Chapter 4. XmlStarlet Reference

1. Querying XML documents

XmlStarlet 'select' or 'sel' option can be used to query or search XML documents. Here is synopsis for 'xml sel' command:

XMLStarlet Toolkit: Select from XML document(s)
Usage: xml sel <global-options> {<template>} [ <xml-file> ... ]
where
  <global-options> - global options for selecting
  <xml-file> - input XML document file name/uri (stdin is used if missing)
  <template> - template for querying XML document with following syntax:

<global-options> are:
  -Q or --quiet             - do not write anything to standard output.
  -C or --comp              - display generated XSLT
  -R or --root              - print root element <xsl-select>
  -T or --text              - output is text (default is XML)
  -I or --indent            - indent output
  -D or --xml-decl          - do not omit xml declaration line
  -B or --noblanks          - remove insignificant spaces from XML tree
  -E or --encode <encoding> - output in the given encoding (utf-8, unicode...)
  -N <name>=<value>         - predefine namespaces (name without 'xmlns:')
                              ex: xsql=urn:oracle-xsql
                              Multiple -N options are allowed.
  --net                     - allow fetch DTDs or entities over network
  --help                    - display help

Syntax for templates: -t|--template <options>
where <options>
  -c or --copy-of <xpath>   - print copy of XPATH expression
  -v or --value-of <xpath>  - print value of XPATH expression
  -o or --output <string>   - output string literal
  -n or --nl                - print new line
  -f or --inp-name          - print input file name (or URL)
  -m or --match <xpath>     - match XPATH expression
  --var <name> <value> --break or
  --var <name>=<value>      - declare a variable (referenced by $name)
  -i or --if <test-xpath>   - check condition <xsl:if test="test-xpath">
  --elif <test-xpath>       - check condition if previous conditions failed
  --else                    - check if previous conditions failed
  -e or --elem <name>       - print out element <xsl:element name="name">
  -a or --attr <name>       - add attribute <xsl:attribute name="name">
  -b or --break             - break nesting
  -s or --sort op xpath     - sort in order (used after -m) where
  op is X:Y:Z, 
      X is A - for order="ascending"
      X is D - for order="descending"
      Y is N - for data-type="numeric"
      Y is T - for data-type="text"
      Z is U - for case-order="upper-first"
      Z is L - for case-order="lower-first"

There can be multiple --match, --copy-of, --value-of, etc options
in a single template.
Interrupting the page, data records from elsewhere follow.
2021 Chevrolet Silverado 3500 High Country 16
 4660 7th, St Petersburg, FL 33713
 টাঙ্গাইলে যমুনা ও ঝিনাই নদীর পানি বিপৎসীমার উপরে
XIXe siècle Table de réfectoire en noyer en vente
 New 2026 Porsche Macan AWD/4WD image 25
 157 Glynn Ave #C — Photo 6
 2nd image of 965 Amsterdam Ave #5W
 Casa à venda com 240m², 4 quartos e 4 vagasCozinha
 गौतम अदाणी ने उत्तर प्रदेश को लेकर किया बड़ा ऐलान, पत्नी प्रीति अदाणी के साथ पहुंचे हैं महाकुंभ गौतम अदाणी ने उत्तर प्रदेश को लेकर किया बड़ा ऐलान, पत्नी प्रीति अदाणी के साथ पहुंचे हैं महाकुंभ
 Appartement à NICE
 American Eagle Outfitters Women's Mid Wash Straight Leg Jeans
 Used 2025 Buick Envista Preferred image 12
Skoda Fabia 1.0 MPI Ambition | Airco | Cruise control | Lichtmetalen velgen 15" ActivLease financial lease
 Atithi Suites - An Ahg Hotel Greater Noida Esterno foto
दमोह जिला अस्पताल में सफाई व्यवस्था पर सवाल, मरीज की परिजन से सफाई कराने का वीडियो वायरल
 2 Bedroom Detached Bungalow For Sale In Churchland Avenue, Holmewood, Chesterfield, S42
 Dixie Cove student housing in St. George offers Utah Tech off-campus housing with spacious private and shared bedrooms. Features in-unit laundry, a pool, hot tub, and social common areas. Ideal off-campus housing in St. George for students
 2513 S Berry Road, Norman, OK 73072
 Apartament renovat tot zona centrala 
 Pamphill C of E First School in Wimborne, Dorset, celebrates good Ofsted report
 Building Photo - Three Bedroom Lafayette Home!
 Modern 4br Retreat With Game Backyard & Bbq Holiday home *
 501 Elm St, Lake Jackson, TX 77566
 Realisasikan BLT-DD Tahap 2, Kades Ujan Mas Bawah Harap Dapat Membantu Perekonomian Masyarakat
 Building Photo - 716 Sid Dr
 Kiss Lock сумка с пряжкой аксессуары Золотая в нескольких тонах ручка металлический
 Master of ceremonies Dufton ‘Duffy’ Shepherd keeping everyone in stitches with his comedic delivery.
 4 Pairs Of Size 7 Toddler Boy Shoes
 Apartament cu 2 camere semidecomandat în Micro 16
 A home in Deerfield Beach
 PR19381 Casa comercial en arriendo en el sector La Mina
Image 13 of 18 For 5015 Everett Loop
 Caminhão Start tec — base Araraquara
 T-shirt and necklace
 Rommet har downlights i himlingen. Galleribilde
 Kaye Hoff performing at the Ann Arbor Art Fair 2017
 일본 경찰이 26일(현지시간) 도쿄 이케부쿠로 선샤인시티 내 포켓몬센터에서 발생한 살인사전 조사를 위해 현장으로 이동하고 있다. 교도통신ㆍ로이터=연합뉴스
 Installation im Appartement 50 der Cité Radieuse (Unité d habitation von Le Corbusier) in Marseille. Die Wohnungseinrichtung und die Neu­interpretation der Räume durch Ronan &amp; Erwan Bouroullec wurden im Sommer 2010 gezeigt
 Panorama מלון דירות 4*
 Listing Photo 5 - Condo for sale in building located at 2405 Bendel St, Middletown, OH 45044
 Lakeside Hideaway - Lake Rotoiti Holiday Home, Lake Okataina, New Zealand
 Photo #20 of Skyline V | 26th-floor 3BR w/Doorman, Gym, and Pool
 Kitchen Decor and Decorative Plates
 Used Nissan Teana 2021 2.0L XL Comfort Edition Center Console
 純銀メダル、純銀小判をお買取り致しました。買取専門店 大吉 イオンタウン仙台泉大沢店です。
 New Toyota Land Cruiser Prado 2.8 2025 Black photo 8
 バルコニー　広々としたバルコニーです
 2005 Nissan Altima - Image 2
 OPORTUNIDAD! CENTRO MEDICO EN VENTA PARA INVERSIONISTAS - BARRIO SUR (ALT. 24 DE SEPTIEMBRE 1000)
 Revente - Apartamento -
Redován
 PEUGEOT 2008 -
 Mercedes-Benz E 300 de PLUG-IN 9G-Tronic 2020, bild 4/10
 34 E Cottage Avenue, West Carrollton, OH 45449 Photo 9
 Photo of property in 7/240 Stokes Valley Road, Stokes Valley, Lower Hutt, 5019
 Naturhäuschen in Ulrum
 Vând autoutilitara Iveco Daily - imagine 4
The effect of applying command line templates
can be illustrated with the following XSLT analogue

xml sel -t -c "xpath0" -m "xpath1" -m "xpath2" -v "xpath3" \
        -t -m "xpath4" -c "xpath5"

is equivalent to applying the following XSLT

<?xml version="1.0"?>
<xsl:stylesheet version="1.0" xmlns:xsl="http://www.w3.org/1999/XSL/Transform">
<xsl:template match="/">
  <xsl:call-template name="t1"/>
  <xsl:call-template name="t2"/>
</xsl:template>
<xsl:template name="t1">
  <xsl:copy-of select="xpath0"/>
  <xsl:for-each select="xpath1">
    <xsl:for-each select="xpath2">
      <xsl:value-of select="xpath3"/>
    </xsl:for-each>
  </xsl:for-each>
</xsl:template>
<xsl:template name="t2">
  <xsl:for-each select="xpath4">
    <xsl:copy-of select="xpath5"/>
  </xsl:for-each>
</xsl:template>
</xsl:stylesheet>

'select' option allows you basically avoid writting XSLT stylesheet to perform some queries on XML documents. I.e. various combinations of command line parameters will let you to generate XSLT stylesheet and apply in to XML documents with a single command line. Very often you do not really care what XSLT was created for you 'select' command, but in those cases when you do; you can always use -C or --comp switch which will let you see exactly which XSLT is applied to your input.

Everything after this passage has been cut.